256 is a nice power-of-two number. For video cards with power-of-two memory bus widths, it’s very easy to equip them with a similarly power-of-two memory capacity such as 1GB, 2GB, or 4GB of memory. For various minor technical reasons (mostly the sanity of the engineers), GPU manufacturers like sticking to power-of-two memory busses. And while this is by no means a true design constraint in video card manufacturing, there are ramifications for skipping from it.

The biggest consequence of deviating from a power-of-two memory bus is that under normal circumstances this leads to a card’s memory capacity not lining up with the bulk of the cards on the market. To use the GTX 500 series as an example, NVIDIA had 1.5GB of memory on the GTX 580 at a time when the common Radeon HD 5870 had 1GB, giving NVIDIA a 512MB advantage. Later on however the common Radeon HD 6970 had 2GB of memory, leaving NVIDIA behind by 512MB. This also had one additional consequence for NVIDIA: they needed 12 memory chips where AMD needed 8, which generally inflates the bill of materials more than the price of higher speed memory in a narrower design does. This ended up not being a problem for the GTX 580 since 1.5GB was still plenty of memory for 2010/2011 and the high pricetag could easily absorb the BoM hit, but this is not always the case.

Because NVIDIA has disabled a ROP partition on GK104 in order to make the GTX 660 Ti, they’re dropping from a power-of-two 256bit bus to an off-size 192bit bus.
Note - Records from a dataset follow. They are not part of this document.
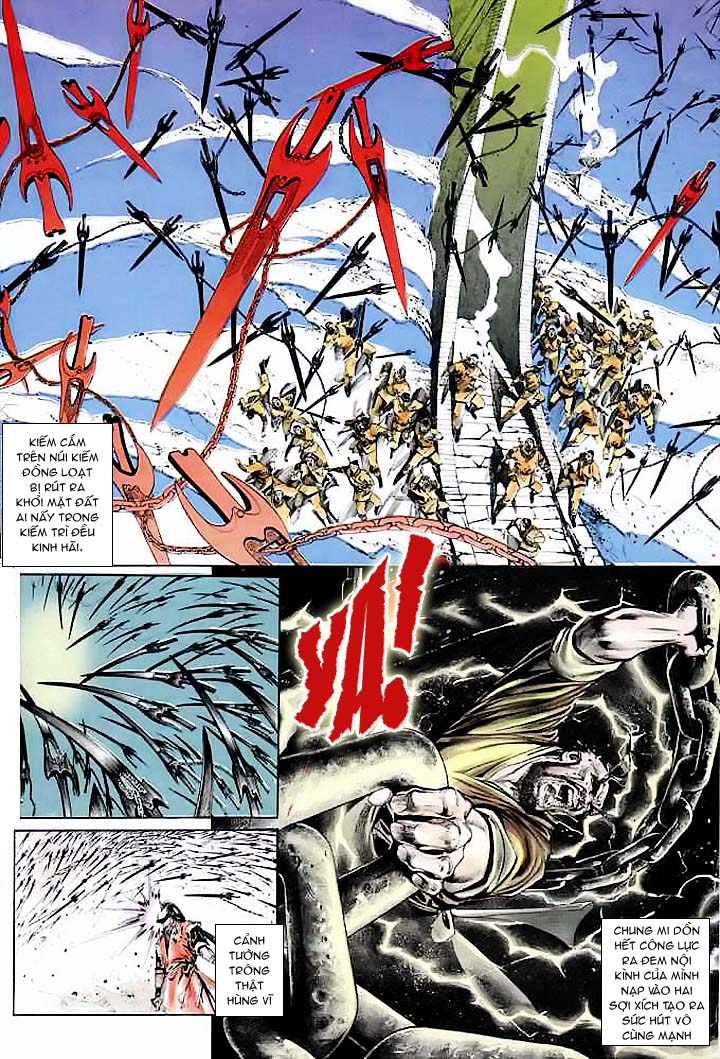 phong vân chapter 43 8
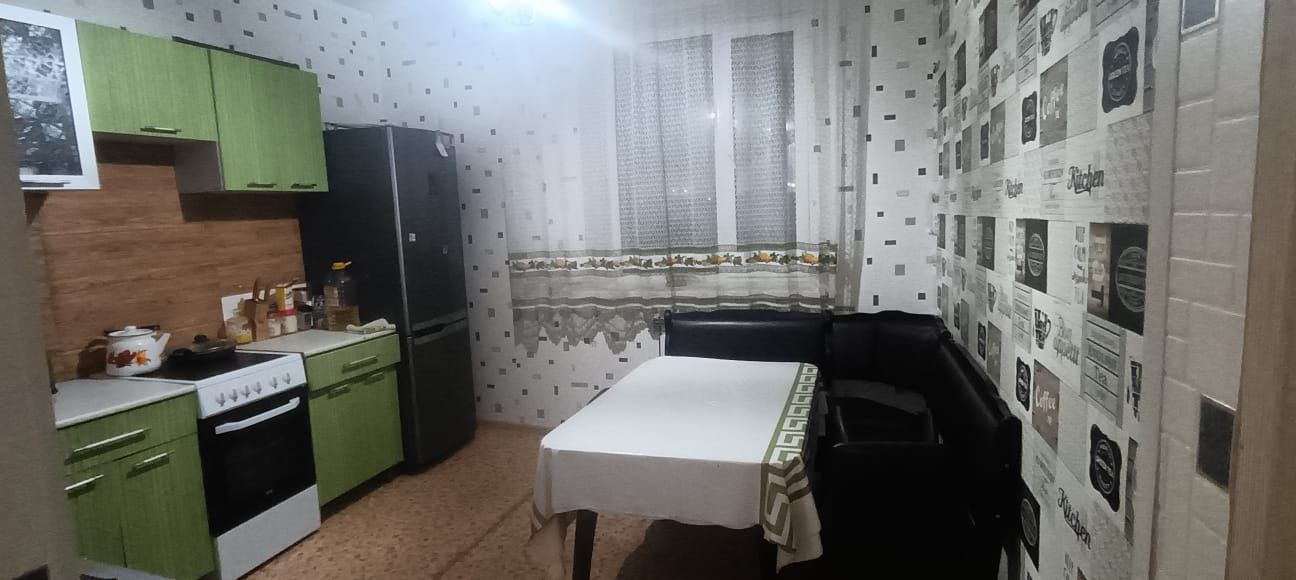 Сдам квартиру 3 х комнатную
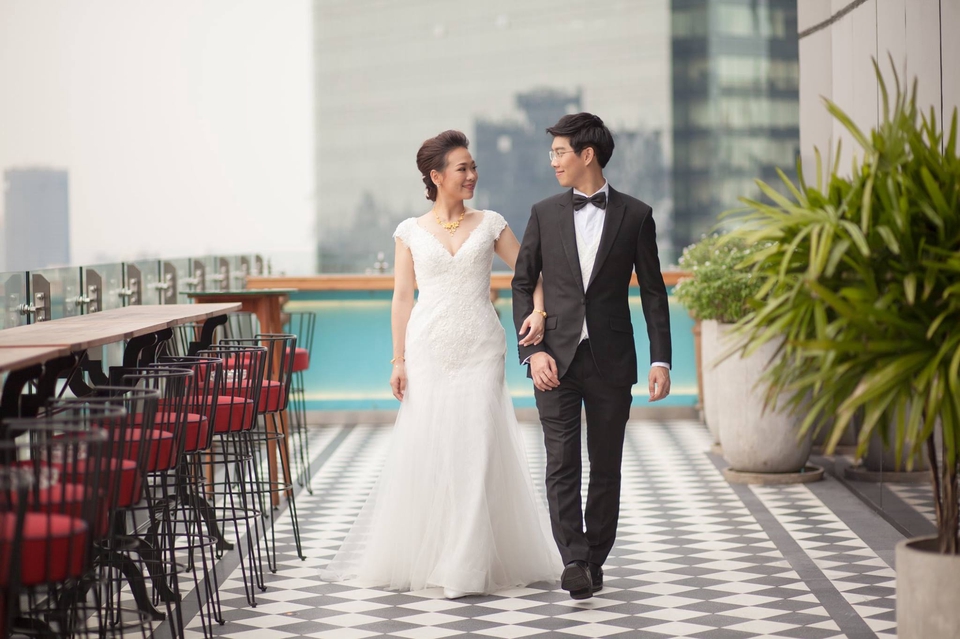 Photography - ถ่ายภาพ Profile / งานโอกาสสำคัญต่างๆ - 20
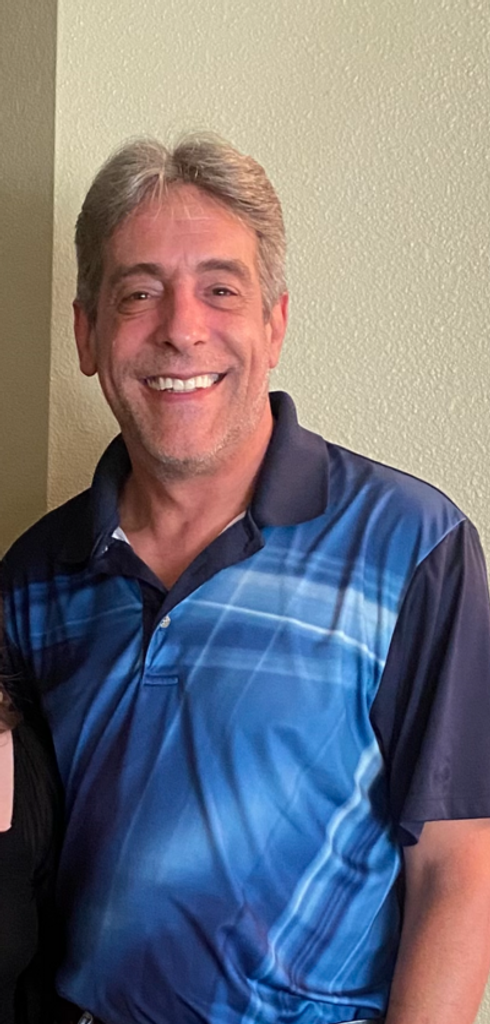 David William Inlow Profile Photo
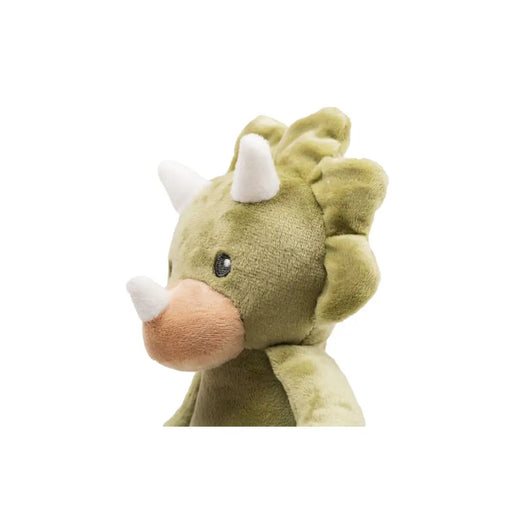 Soft toy for dogs Gloria Togo Green Polyester polypropylene - Домашни Животни<<<Дом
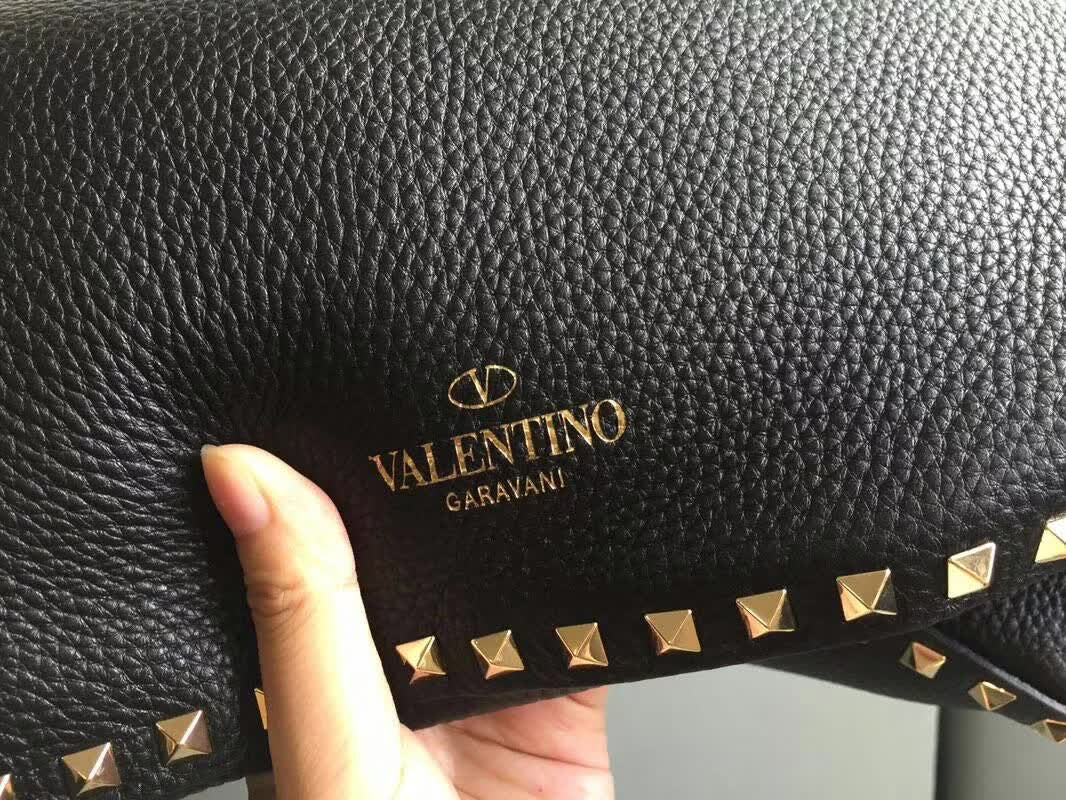 Rockstud Tote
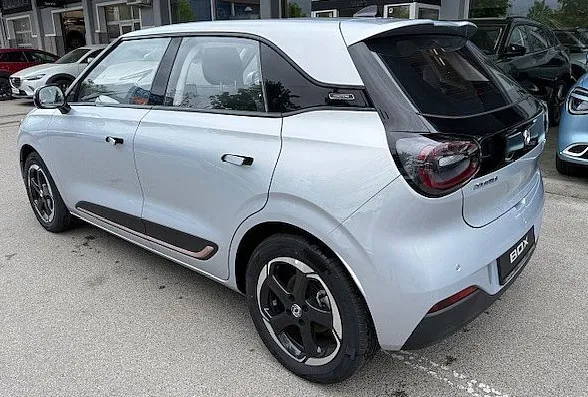 Zunanja slika - Dongfeng Box - 42.3kW - 6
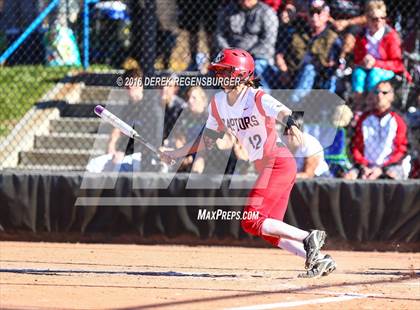 Thumbnail 3 in Cherokee Trail vs Eaglecrest (CHSAA 5A Semifinal Playoff) photogallery.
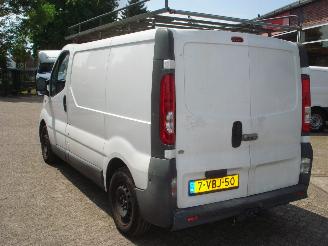 Opel Vivaro 2.0CDTI 66KW L1-H1 EURO 4 picture 6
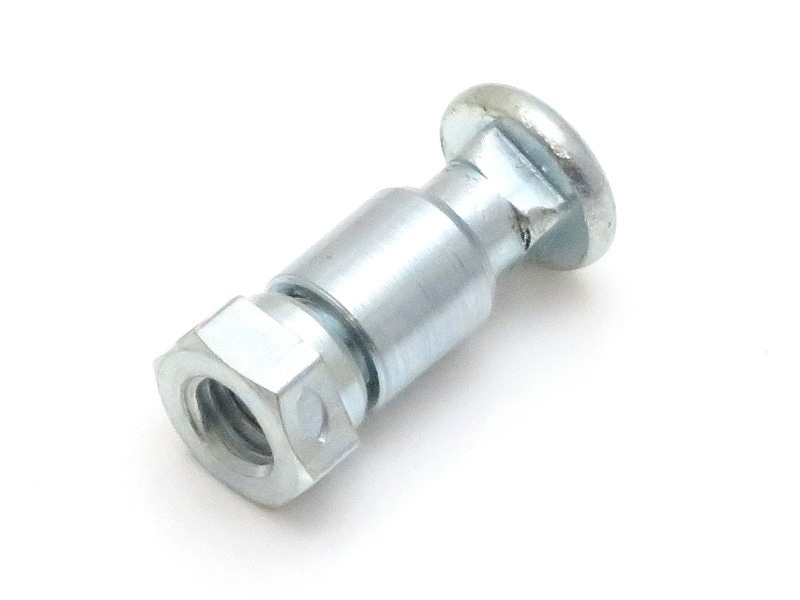 LOWE ライオン No.1用部品 センターネシ゛ （1005） | 刃物、道具,剪定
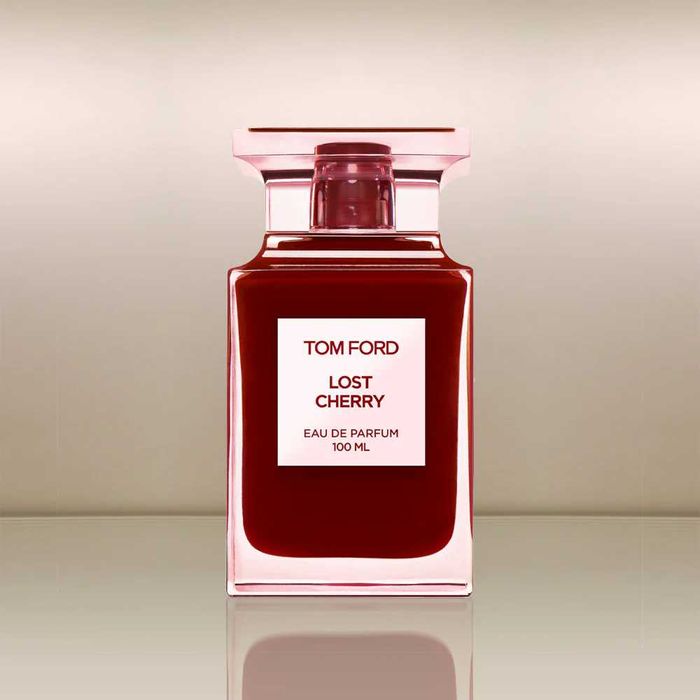 Tom Ford Lost Cherry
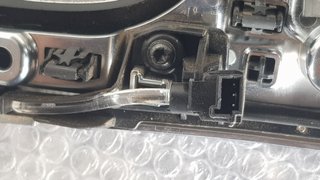 REJILLA AIREADORA VOLVO S90 LIM. 2.0 D TURBO 150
Under normal circumstances this means that they’d need to either reduce the amount of memory on the card from 2GB to 1.5GB, or double it to 3GB. The former is undesirable for competitive reasons (AMD has 2GB cards below the 660 Ti and 3GB cards above) not to mention the fact that 1.5GB is too small for a $300 card in 2012. The latter on the other hand incurs the BoM hit as NVIDIA moves from 8 memory chips to 12 memory chips, a scenario that the lower margin GTX 660 Ti can’t as easily absorb, not to mention how silly it would be for a GTX 680 to have less memory than a GTX 660 Ti.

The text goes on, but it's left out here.